====== SUPPLIED MATERIAL

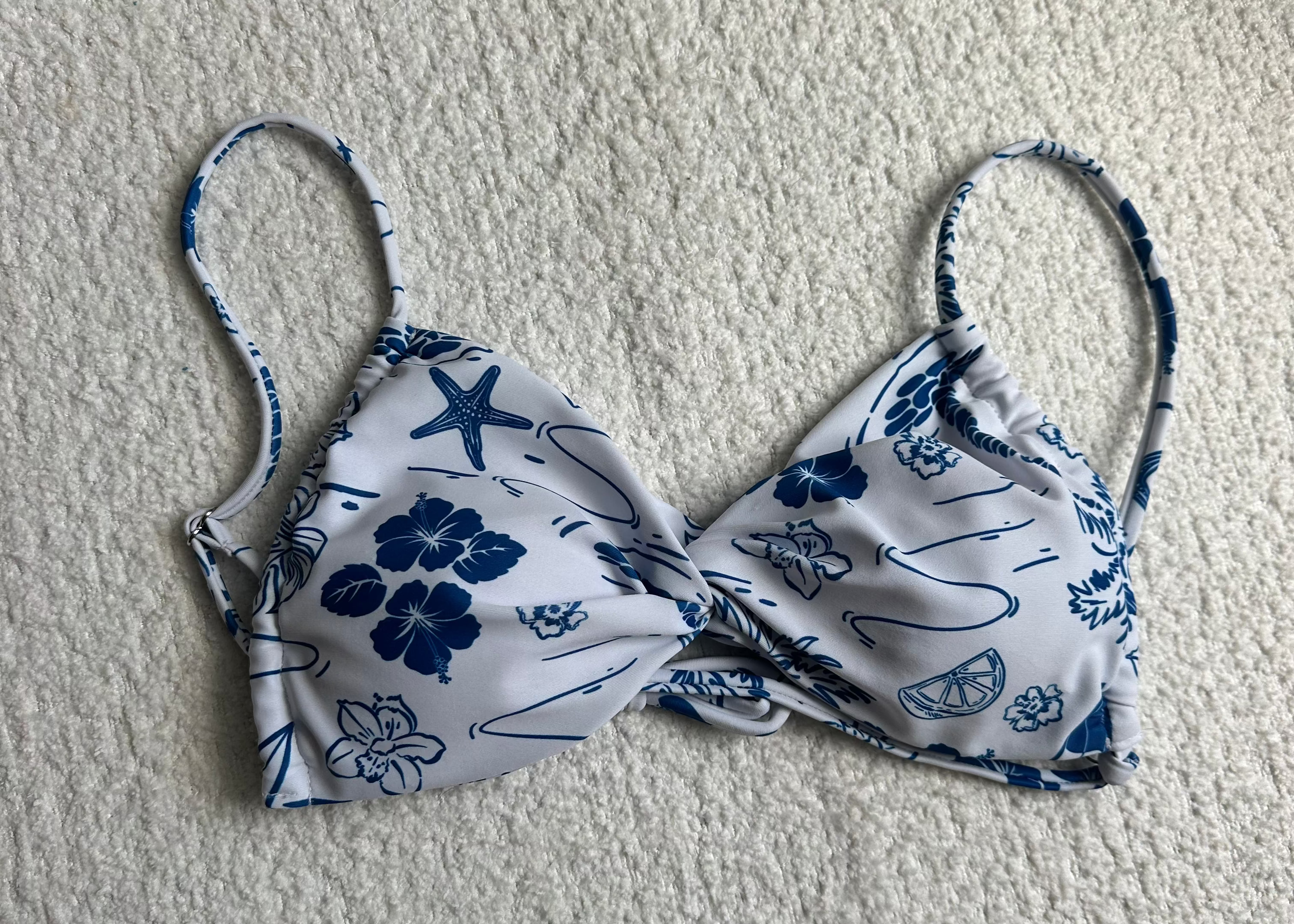 Summer Bikini Set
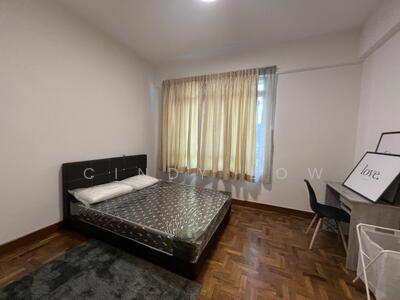 For Rent - The Blossomvale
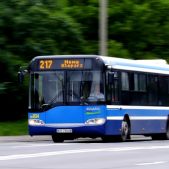 Solaris Urbino 12 #BU834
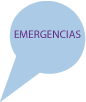 Emergencias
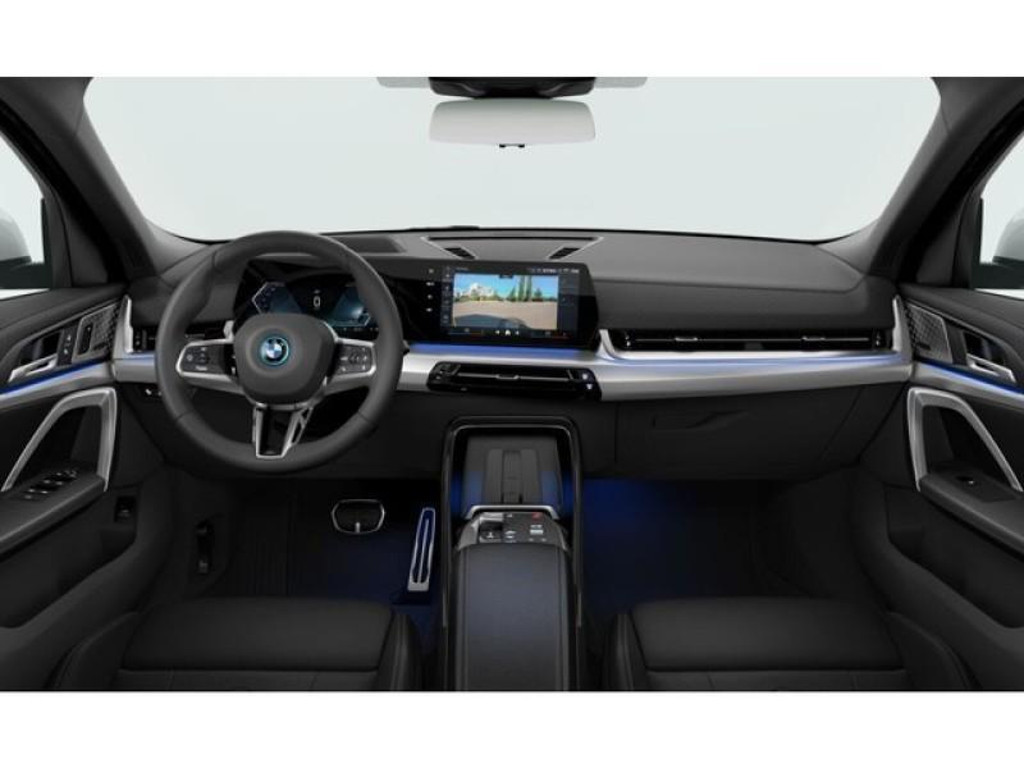 BMW iX2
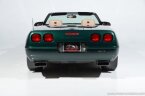 Thumbnail Photo 6 for 1993 Chevrolet Corvette Convertible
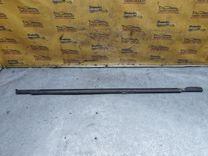 Молдинг стекла двери задней правой наружный 2AT6CY Renault Espace купить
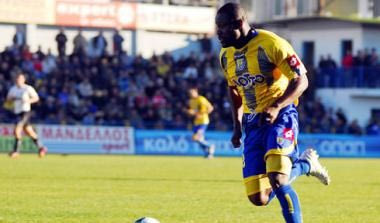 Χωρίς τον Γκουέι στο ντέρμπι ο Παναιτωλικός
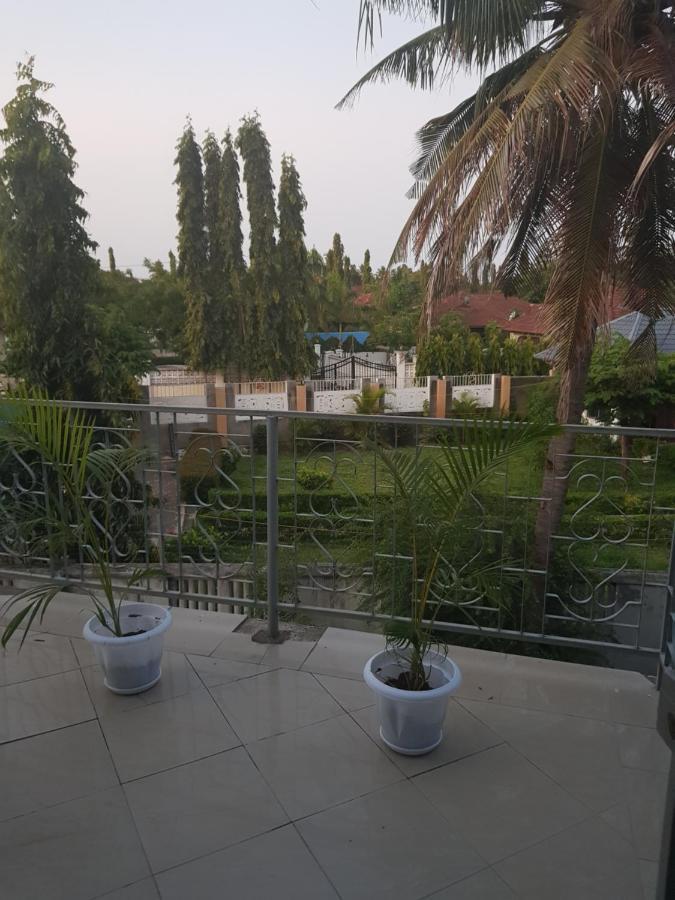 Apartament Bbq Lounge Dar es Salaam Zewnętrze zdjęcie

============

• YOUR OBJECTIVE
Drop the pictures and reproduce the rest of the data exactly.

• YOUR RESPONSE
 Summer Bikini Set
 For Rent - The Blossomvale
 Solaris Urbino 12 #BU834
 Emergencias
 BMW iX2
 Thumbnail Photo 6 for 1993 Chevrolet Corvette Convertible
 Молдинг стекла двери задней правой наружный 2AT6CY Renault Espace купить
 Χωρίς τον Γκουέι στο ντέρμπι ο Παναιτωλικός
 Apartament Bbq Lounge Dar es Salaam Zewnętrze zdjęcie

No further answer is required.